Ms. McBride is no newcomer to national or local politics. In 2012 she became the first openly transgender person to work at the White House when she was an intern during President Barack Obama’s administration. She later lobbied the Delaware state legislature on behalf of a transgender rights bill, which was signed into law in 2013, and is now a national press secretary for the Human Rights Campaign, the nation’s largest L.G.B.T.Q. civil rights group.
In 2016 she became the first transgender person to speak at a major party’s national convention when she took the stage before Democrats in Philadelphia.
Former Vice President Joseph R. Biden Jr. — a towering figure in Delaware politics, and now the Democratic presidential nominee — wrote the foreword to Ms. McBride’s 2018 book about her fight for transgender equality.
“Sarah is the epitome of what can make an elected official great,” said Alphonso B. David, the Human Rights Campaign president. “Tonight, she takes the first step on what I expect to be a storied career in the public realm.”
Battles over transgender rights have played out in state legislatures across the country, with conservative lawmakers in more than two dozen states introducing anti-transgender measures this year.
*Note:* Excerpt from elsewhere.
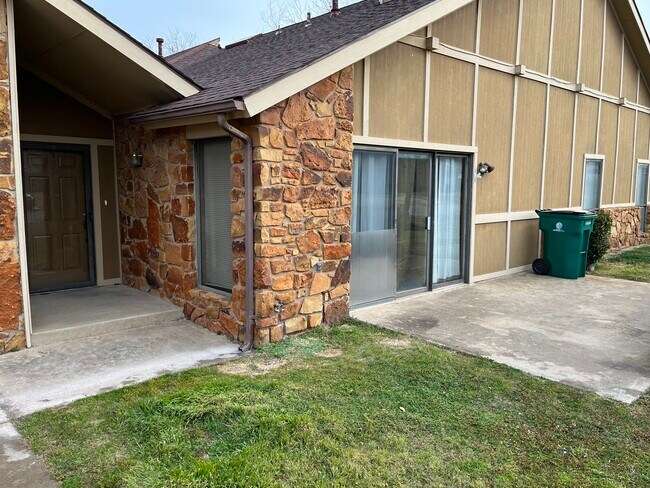 Foto del edificio - 6900 N Spinnaker Ln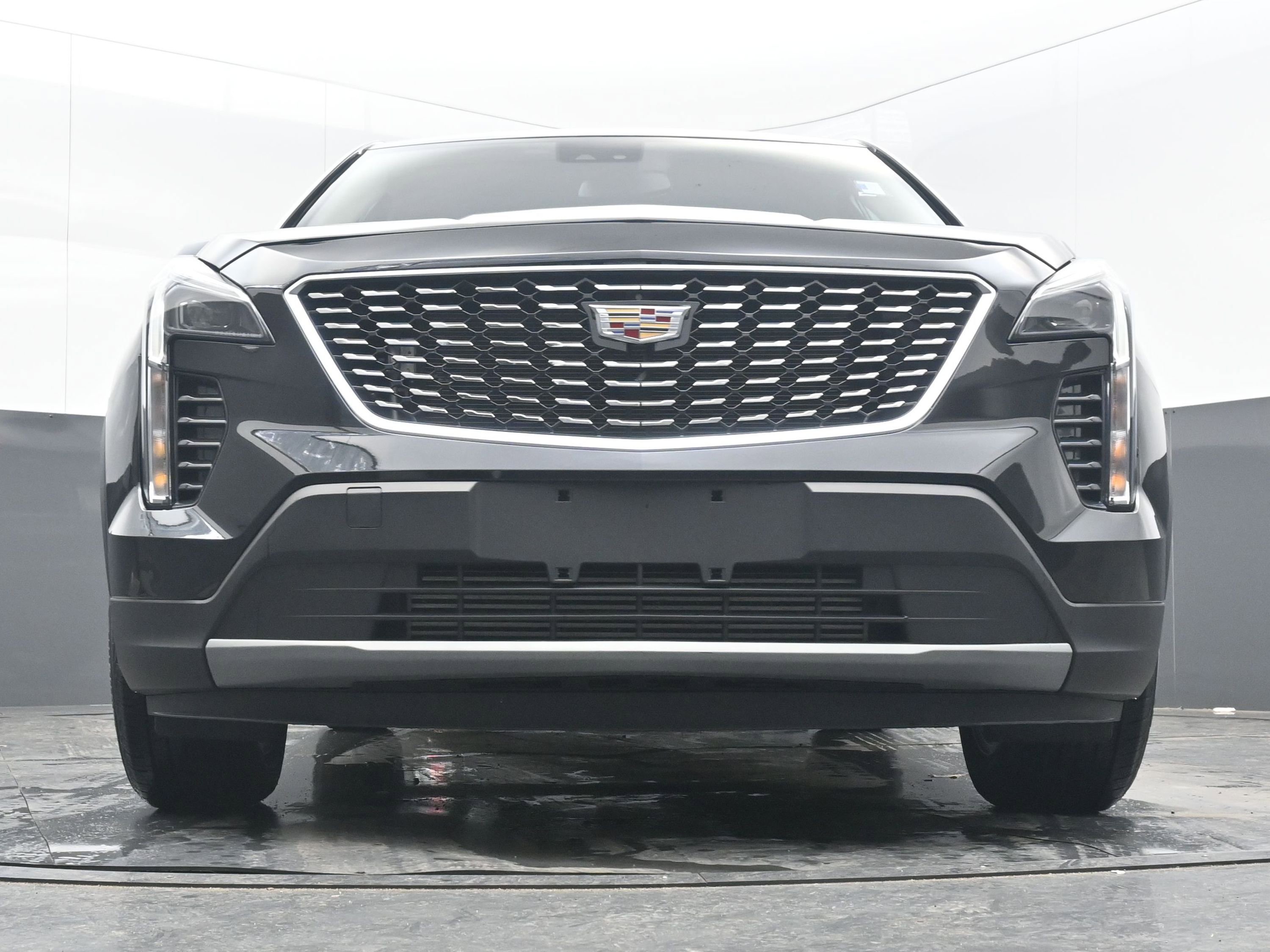 Used 2023 Cadillac XT4 Luxury w/ Cold Weather Package image 27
No openly transgender person has been elected to any state’s senate, though four transgender lawmakers currently serve in lower chambers of state legislatures. Like those politicians, Ms. McBride said she had not focused on identity while campaigning. Her would-be constituents, she said, are far more concerned about her views about health care and education policy.
“My identity and the symbolic ramifications of my elections, that doesn’t come up” in conversations with voters, she said. “What comes up is that we need creative and courageous leadership that will meet this moment with meaningful action for people’s lives.”
Democrats also renominated Senator Chris Coons of Delaware, a 10-year-incumbent, for a second full term. Mr. Coons turned back a progressive challenger, Jessica Scarane, who never attracted the kind of financing or enthusiasm that propelled other liberal candidates who took on centrist Democratic incumbents this year.
Ms. Scarane had hoped to tap into the enthusiasm that launched progressive challengers to victories over veteran Democratic congressmen in Chicago, St. Louis and the Bronx. But Delaware’s 2020 Senate race never became a cause célèbre on the left.
A poll conducted last month by a confederation of progressive organizations considering investing in the race on Ms. Scarane’s behalf found Mr. Coons leading by 40 percentage points, a margin sufficient to dissuade them from spending money to help Ms. Scarane.
Mr. Coons still took the race seriously and used an enormous fund-raising advantage to blanket Delawareans with television ads, spending nearly $800,000 compared with Ms. Scarane’s $65,000. The only third-party organization to devote significant resources to the race was the American Chemistry Council, which aired more than $200,000 in ads backing Mr. Coons.
Mr. Coons will next face Lauren Witzke, whom Delaware Republicans nominated on Tuesday. Ms. Witzke has posted a QAnon slogan on Twitter, making her the latest winner of a G.O.P. primary to have dabbled in the conspiracy theory. She is not expected to be competitive against Mr. Coons in the general election.
Ms. Scarane, who moved to Delaware from New York 10 years ago, did not have the profile of other left-wing upstarts who have toppled incumbent centrist Democrats. Progressive organizations had first sought to recruit a woman of color to support in the race. Kerri Evelyn Harris, a Black progressive organizer, gave Delaware’s other Democratic senator, Tom Carper, a brief scare in 2018 before Mr. Carper prevailed by nearly 30 percentage points.